### Activity
Restate, word for word and with no pictures, the stretch of lines in the data below that begins at the line with "Root Canal Myths vs Facts: The Real Truth" and ends at the line with "宝宝胎心高于160，怎么办？", inclusive.

### Materials provided

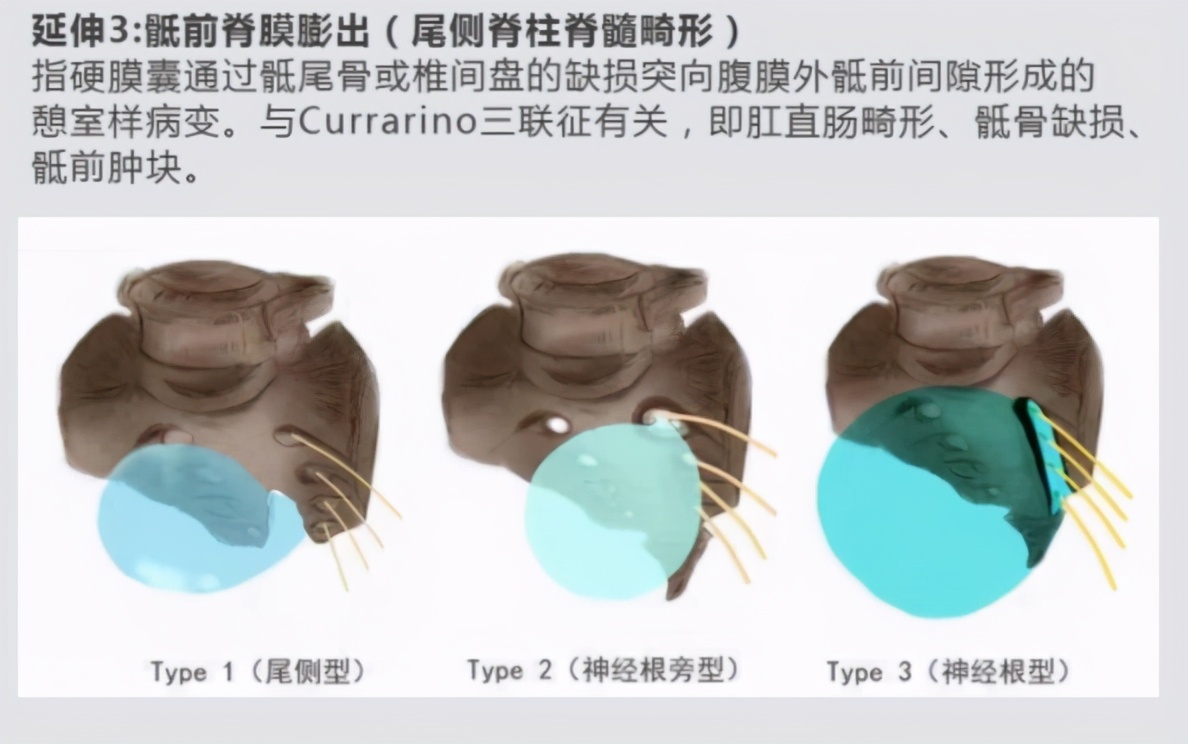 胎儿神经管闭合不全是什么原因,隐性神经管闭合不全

---

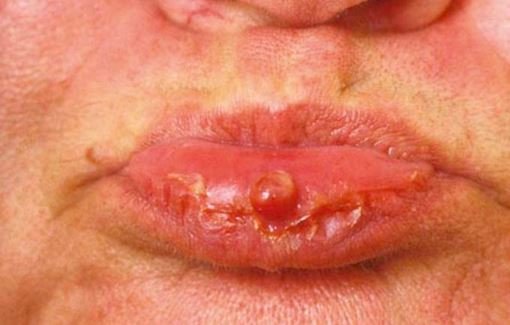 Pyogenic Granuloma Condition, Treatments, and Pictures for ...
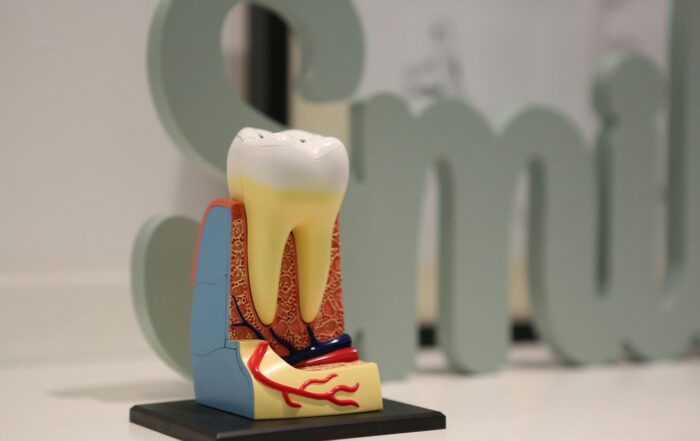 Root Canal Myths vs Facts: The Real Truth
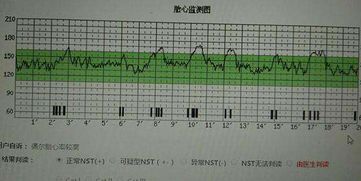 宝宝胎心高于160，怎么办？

==

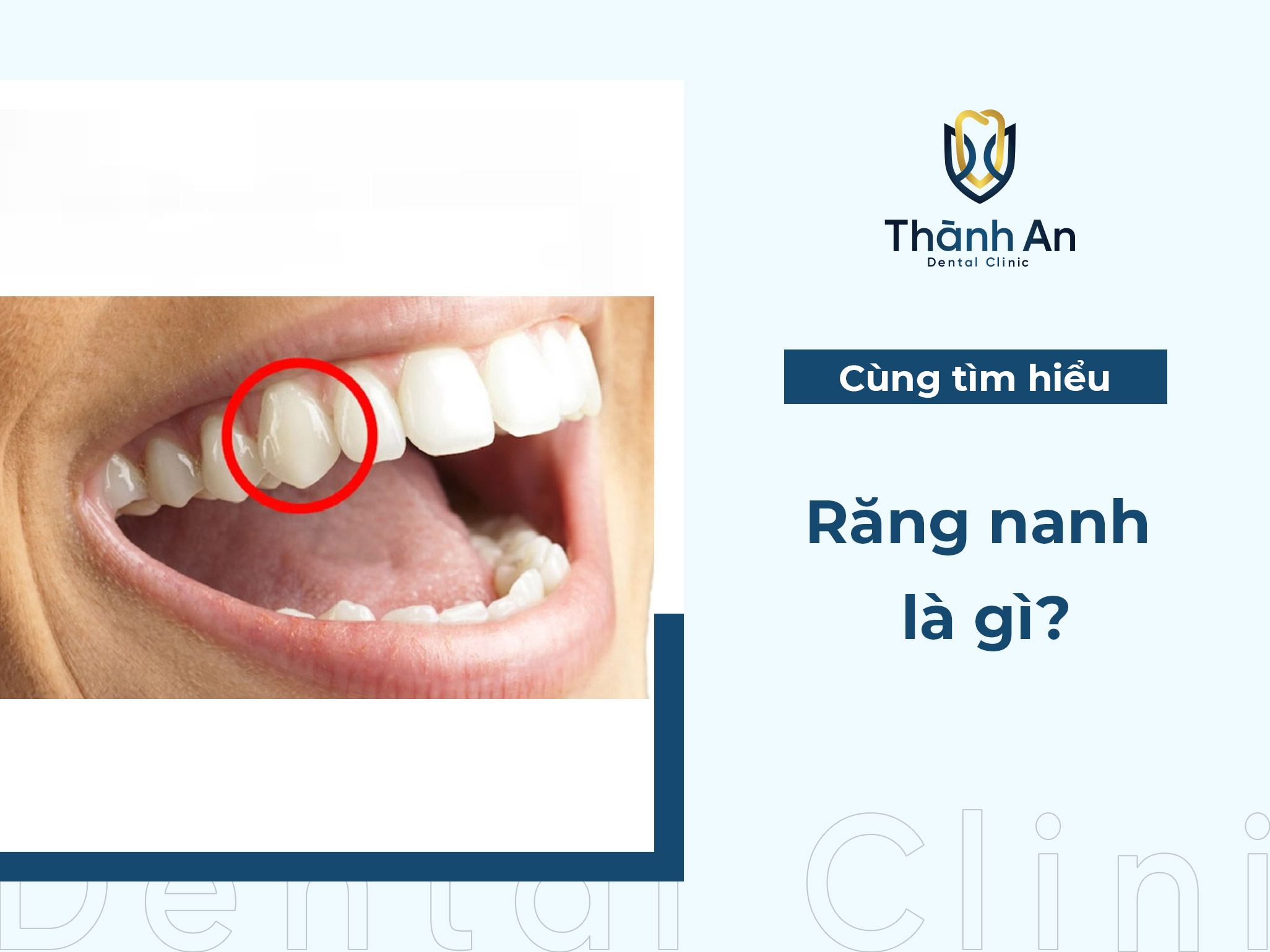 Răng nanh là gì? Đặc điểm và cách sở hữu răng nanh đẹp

### Solution below
 Root Canal Myths vs Facts: The Real Truth
 宝宝胎心高于160，怎么办？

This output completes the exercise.